Monday, June 29, 2009
It's a tough row to hoe for the Afghan women. Well, actually everyone's got a tough way to go over here, and you can see it on their faces, which from about middle age onwards tend to be as ridged and folded as the landscape. I often overestimate ages here by roughly 10 years, unless I'm consistently being lied to as to the true ages of the people. At any rate, the women have it especially tough. From the time they can walk it seems the young girls are treated like mules, carrying various jugs or containers on their heads or in their arms. It's a common sight to see a man walking down the road empty-handed while his young daughter struggles along behind him serving as his porter. I guess having a daughter accustomed to working may make her more marriageable - better to get those good habits started early on.
On the other hand, I've been to girls' schools that were very well attended by 5 to 12 year-old cute young ladies. So undoubtedly the people do want their daughters to learn and get something of an education. The high schools around here are boys-only though. Afghanistan actually has a fair number of female politicians in government. Those women are brave souls no doubt, as female politicians have been murdered in recent years.
In this part of the country most all women of child-bearing age wear the burqa in public. I say most all because in one particular area it was not uncommon for us to see women working outside around their home without wearing the burqa, but that was a small, close-knit community. In that area, when we saw women coming through carrying bunches of twigs gathered up or water from the river, the custom was for us to turn away and ignore them as completely as possible. This was the SOP not just for US forces but for the ANA as well. However, for the most part in Kunar Province, except for the old and withered and the very young, we see no women. We do, however, see plenty of T and A beneath those burqas...toes and ankles.
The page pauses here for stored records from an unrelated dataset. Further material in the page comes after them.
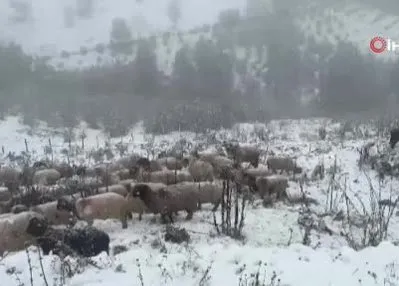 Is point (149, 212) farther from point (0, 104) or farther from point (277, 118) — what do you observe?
point (0, 104)

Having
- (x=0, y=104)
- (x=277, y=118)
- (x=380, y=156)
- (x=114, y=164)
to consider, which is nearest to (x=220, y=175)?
(x=114, y=164)

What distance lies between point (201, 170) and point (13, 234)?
229 inches

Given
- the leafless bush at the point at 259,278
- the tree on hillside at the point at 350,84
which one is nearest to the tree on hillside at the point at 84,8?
the tree on hillside at the point at 350,84

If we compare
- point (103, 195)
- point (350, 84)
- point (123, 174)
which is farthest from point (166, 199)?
point (350, 84)

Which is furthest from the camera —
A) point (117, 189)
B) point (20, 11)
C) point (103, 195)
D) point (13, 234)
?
point (20, 11)

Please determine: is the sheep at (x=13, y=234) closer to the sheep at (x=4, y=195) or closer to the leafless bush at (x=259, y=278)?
the sheep at (x=4, y=195)

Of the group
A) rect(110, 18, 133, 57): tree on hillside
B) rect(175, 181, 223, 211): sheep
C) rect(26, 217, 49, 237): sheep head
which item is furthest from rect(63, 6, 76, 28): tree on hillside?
rect(26, 217, 49, 237): sheep head

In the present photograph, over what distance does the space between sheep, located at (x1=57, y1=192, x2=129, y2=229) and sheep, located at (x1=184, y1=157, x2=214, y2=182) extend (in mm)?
3345

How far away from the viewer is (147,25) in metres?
67.9

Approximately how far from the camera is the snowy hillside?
5806 cm

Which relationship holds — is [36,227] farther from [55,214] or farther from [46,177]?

Islam allows male practitioners four wives. Women, of course, aren't allowed the same privilege. Given that I'm well into my 30's now, the ANA often question me why I don't have a wife or children yet. I often play off their questions by telling them I'm only allowed one wife, so I have to make sure I pick the right girl. I once (jokingly - I promise I was only gauging his reaction) told the ANA Religious Officer (an older guy who serves as the battalion mullah) with whom I was eating dinner, that if I were allowed more than one wife I would have already married one. I would then follow her up with a newer model ten years later or so, and then kick the old one into the back room somewhere. Repeat that process three times and you've got your four wives without ever lacking for a young one, with three old ones in the back of the house or in the yard doing chores. After he heard the translation he got a big smile on his face, clapped me on the shoulder, and said in English, "GOOD!". As if to say, "You're getting it figured out my young American friend!" Religion and my idea of morality don't always go hand in hand over here.